Hunter Gillies, Ralph Niven, Benjamin T. Dake, Murali M. Chakinala, Jeremy P. Feldman, Nicholas S. Hill, Marius M. Hoeper, Marc Humbert, Vallerie V. McLaughlin, Martin Kankam
ERJ Open Research 2022; DOI: 10.1183/23120541.00433-2022

Abstract

Background Oral imatinib has been shown to be effective, but poorly tolerated, in patients with advanced pulmonary arterial hypertension (PAH). To maintain efficacy while improving tolerability, AV-101, a dry powder inhaled formulation of imatinib, was developed to deliver imatinib directly to the lungs.

Methods This phase 1, placebo-controlled, randomised single ascending dose (SAD) and multiple ascending dose (MAD) study evaluated the safety/tolerability and pharmacokinetics of AV-101 in healthy adults. The SAD study included 5 AV-101 cohorts (1, 3, 10, 30, 90 mg) and placebo, and a single-dose oral imatinib 400-mg cohort. The MAD study included 3 AV-101 cohorts (10, 30, 90 mg) and placebo; dosing occurred twice daily for 7 days.

Results Eighty-two participants (SAD, n=48; MAD, n=34) were enrolled. For the SAD study, peak plasma concentrations of imatinib occurred within 3 h of dosing with lower systemic exposure compared to oral imatinib (p<0.001). For the MAD study, systemic exposure of imatinib was higher after multiple doses of AV-101 compared to a single dose, but steady-state plasma concentrations were lower for the highest AV-101 cohort (90 mg) compared to simulated steady-state oral imatinib at Day 7 (p=0.0002). Across AV-101 MAD dose cohorts, the most common treatment-emergent adverse events were cough (n=7 [27%]) and headache (n=4 [15%]).

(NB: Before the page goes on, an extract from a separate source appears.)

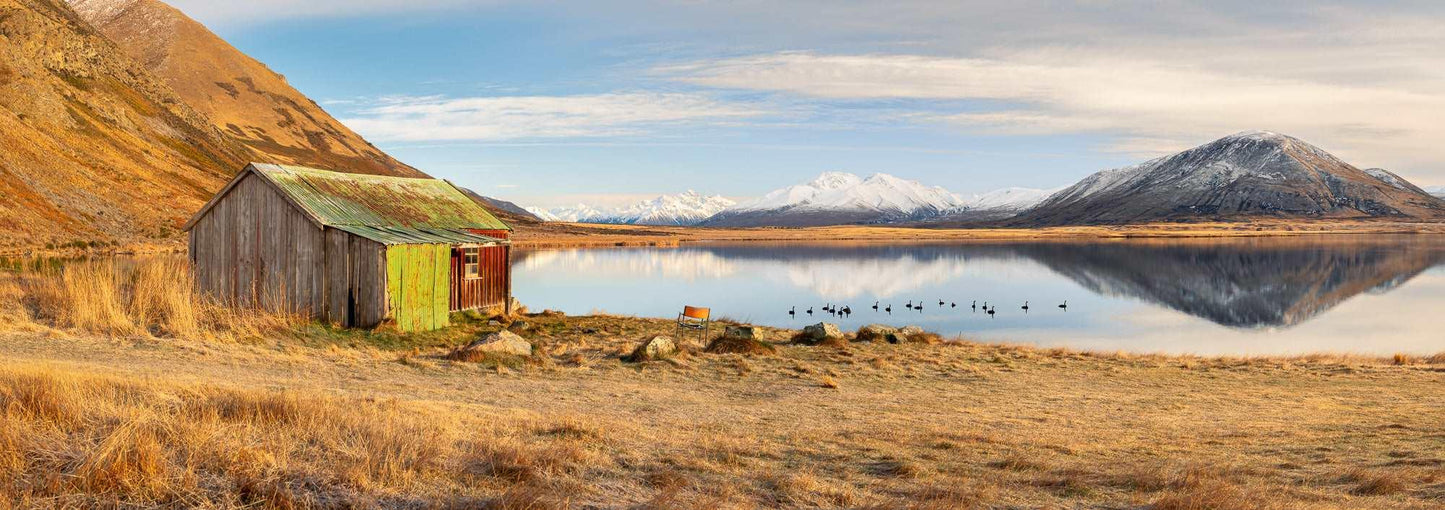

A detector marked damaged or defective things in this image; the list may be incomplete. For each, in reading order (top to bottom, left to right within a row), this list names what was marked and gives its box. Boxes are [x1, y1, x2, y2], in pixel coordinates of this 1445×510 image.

rusty green roof [251, 161, 511, 231]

Conclusions AV-101 was well tolerated in healthy adults, and targeted doses of AV-101 significantly reduced the systemic exposure of imatinib compared with oral imatinib. An ongoing phase 2b/phase 3 study (IMPAHCT; NCT05036135) will evaluate the safety/tolerability and clinical benefit of AV-101 for PAH.